SPIFFE/SPIRE Onboarding Plan

This document captures the working plan for integrating SPIFFE/SPIRE-based identity provisioning across ServiceRadar environments. It aligns with bead serviceradar-52, GitHub issues #1891/#1892, and the ongoing effort to replace ad-hoc TLS bootstrap with SPIRE-issued SVIDs.

1. Current State

  • Demo cluster: SPIRE server/agents run inside the demo namespace with a LoadBalancer service (spire-server:8081) that edge agents can reach on 192.168.6.80. The server uses the k8s_sat node attestor with Kubernetes TokenReview validation enabled.
  • Data store: SPIRE persists state in a CloudNativePG cluster defined by k8s/demo/base/spire/spire-postgres-cluster.yaml. The backing credentials are provided via the spire-db-credentials secret (replace the placeholder password before applying).
  • Registration: The SPIRE Controller Manager now runs as a sidecar inside the server StatefulSet and reconciles the ClusterSPIFFEID CRDs (spire-clusterspiffeid-*.yaml) so demo workloads (core, poller, datasvc, serviceradar-agent) receive SVIDs automatically. Legacy scripts remain under k8s/demo/base/spire/ for reference but are no longer part of the bootstrap path.
  • Workloads: Core/poller still read mTLS material from static ConfigMaps. They do not request SVIDs from SPIRE, so switching them requires both an identity registration flow and application integration.

2. Goals

  1. Idempotent bootstrap – Installing SPIRE (demo, Helm, bare metal) should generate database credentials, stand up server/agents, and register a baseline set of identities without manual kubectl exec steps.
  2. Zero-touch workload onboarding – ServiceRadar services (core, poller, sync, agent tiers) should be able to request and rotate SPIFFE identities via environment variables only (no baked-in certificates).
  3. Edge reachability – Remote agents/pollers must reach the SPIRE server securely. Document ingress/port exposure for Kubernetes, Docker Compose, and bare-metal installs.
  4. Packaging parity – Deliver the same automation through Helm and the demo kustomization. Docker/bare-metal builds fall back to SQLite for SPIRE while Kubernetes uses Postgres.
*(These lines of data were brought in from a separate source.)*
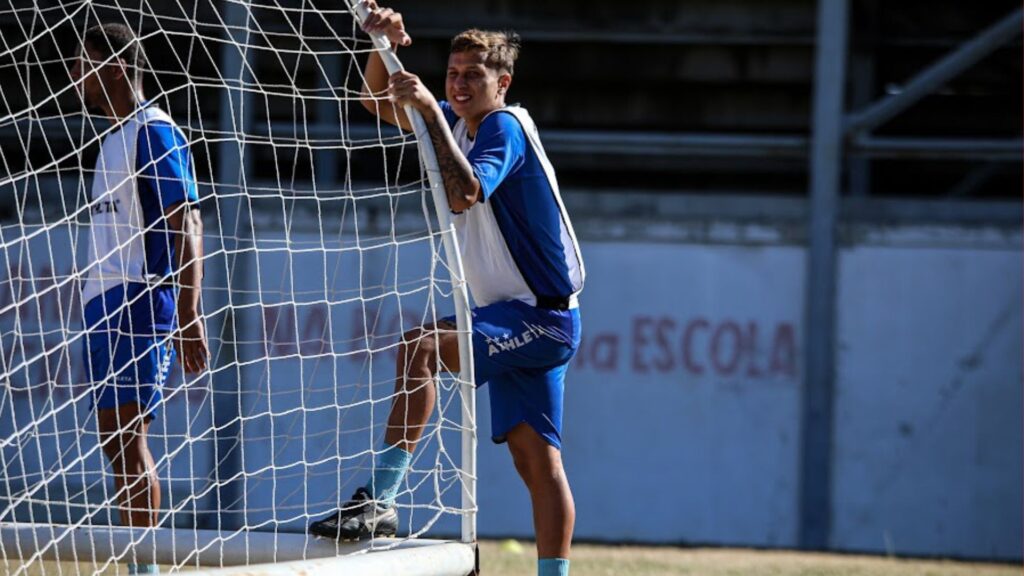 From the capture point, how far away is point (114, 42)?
4883mm

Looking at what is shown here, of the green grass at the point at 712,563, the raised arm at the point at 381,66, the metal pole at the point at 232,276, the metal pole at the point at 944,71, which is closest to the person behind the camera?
the raised arm at the point at 381,66

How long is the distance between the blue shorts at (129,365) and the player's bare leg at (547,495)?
1241 mm

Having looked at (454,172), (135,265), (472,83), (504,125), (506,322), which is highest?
(472,83)

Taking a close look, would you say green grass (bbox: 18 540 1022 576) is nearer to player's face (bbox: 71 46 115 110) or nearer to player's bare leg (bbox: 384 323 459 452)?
player's bare leg (bbox: 384 323 459 452)

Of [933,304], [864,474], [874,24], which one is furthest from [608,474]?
[874,24]

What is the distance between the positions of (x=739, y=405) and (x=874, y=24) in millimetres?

3. Registration Automation Options

OptionProsConsNotes
A. Kubernetes Job + CLI (deprecated)Simple to reason about, runs once per deploy, leverages existing manifestsRequired kubectl inside a bespoke image and cluster-admin RBAC; replaced by controller-managerKept in history only.
B. SPIRE Kubernetes Workload Registrar (controller-manager)Fully declarative via CRDs, production-proven, auto-syncs entriesAdditional controller deployment, introduces CRDs we must package/test, learning curve for operatorsAdopted – ships as a sidecar with the server.
C. External automation via serviceradar-cliReuses our tooling, covers bare metal installs uniformlyRequires operators to remember an extra step; still need credentials and kube contextUseful fallback for air-gapped installs.
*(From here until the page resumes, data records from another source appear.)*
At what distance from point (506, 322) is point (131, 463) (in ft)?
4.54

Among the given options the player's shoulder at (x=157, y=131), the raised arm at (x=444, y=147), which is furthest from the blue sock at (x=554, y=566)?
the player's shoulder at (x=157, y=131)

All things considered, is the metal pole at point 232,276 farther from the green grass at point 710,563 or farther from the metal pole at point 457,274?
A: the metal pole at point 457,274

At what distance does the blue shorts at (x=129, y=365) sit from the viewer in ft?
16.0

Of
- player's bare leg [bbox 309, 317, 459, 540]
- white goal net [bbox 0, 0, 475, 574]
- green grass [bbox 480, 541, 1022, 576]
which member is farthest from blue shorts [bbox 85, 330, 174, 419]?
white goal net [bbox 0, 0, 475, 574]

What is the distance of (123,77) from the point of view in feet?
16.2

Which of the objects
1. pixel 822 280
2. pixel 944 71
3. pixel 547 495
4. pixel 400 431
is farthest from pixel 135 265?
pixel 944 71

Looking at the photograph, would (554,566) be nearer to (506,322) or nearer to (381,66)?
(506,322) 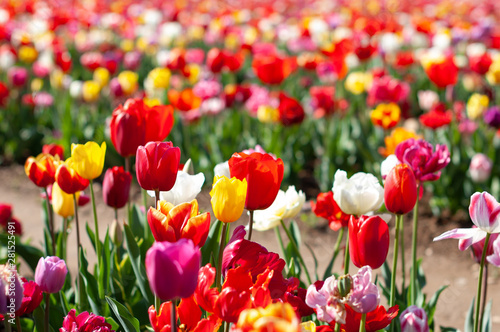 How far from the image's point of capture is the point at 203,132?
4164mm

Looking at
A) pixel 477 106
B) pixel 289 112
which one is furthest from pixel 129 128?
pixel 477 106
Recommendation: Continue investing in Option B (controller manager) for all Kubernetes flows. Option A has been removed; Option C remains a potential escape hatch for non-Kubernetes installs.

3.1 Controller Manager Deployment (Option B)

  • Packaging: the SPIRE Controller Manager binary ships as a sidecar container (ghcr.io/spiffe/spire-controller-manager:0.6.3) inside the server StatefulSet. We mount a shared emptyDir at /tmp/spire-server/private for the admin socket and expose it to the controller under /spire-server.
  • Configuration: spire-controller-manager-config (ConfigMap) defines the trust domain, cluster name, leader election settings, and ignores default Kubernetes namespaces. The controller talks to the server via the unix socket (/spire-server/api.sock) so nothing is exposed over the network.
  • RBAC: spire-controller-manager (ClusterRole + ClusterRoleBinding) grants access to pods/nodes and the SPIRE CRDs. A namespace-scoped Role/RoleBinding handles leader-election ConfigMaps/Leases.
  • Declarative identities: spire-clusterspiffeid-*.yaml resources describe the SVIDs we need. The controller reconciles these CRDs and keeps SPIRE entries in sync, pruning stale registrations automatically.
  • Helm/demo parity: both the Kustomize demo and the Helm chart ship the same CRDs, RBAC, ConfigMap, and StatefulSet sidecar logic so upgrades behave the same across packaging flows.

4. External/Edge Connectivity

  • Kubernetes (demo): k8s/demo/base/spire/server-service.yaml already uses type: LoadBalancer. Document the external IP (kubectl get svc -n demo spire-server -o jsonpath='{.status.loadBalancer.ingress[0].ip}') and ensure firewall rules expose TCP/8081 to managed endpoints. If metallb is in play, allocate a static IP and record it in the runbook.
  • Helm installs: Provide a values block to switch between ClusterIP, NodePort, and LoadBalancer. Default to ClusterIP when running fully inside-cluster; document how to enable ingress or TLS termination as needed.
  • Docker Compose / bare metal: Expose port 8081 on the host and configure agents with SPIRE_SERVER_ADDR=<hostname>:8081. For bare metal, ensure the server certificate’s SAN covers that hostname or IP (leveraging the same cert-manager workflow or packaged CA).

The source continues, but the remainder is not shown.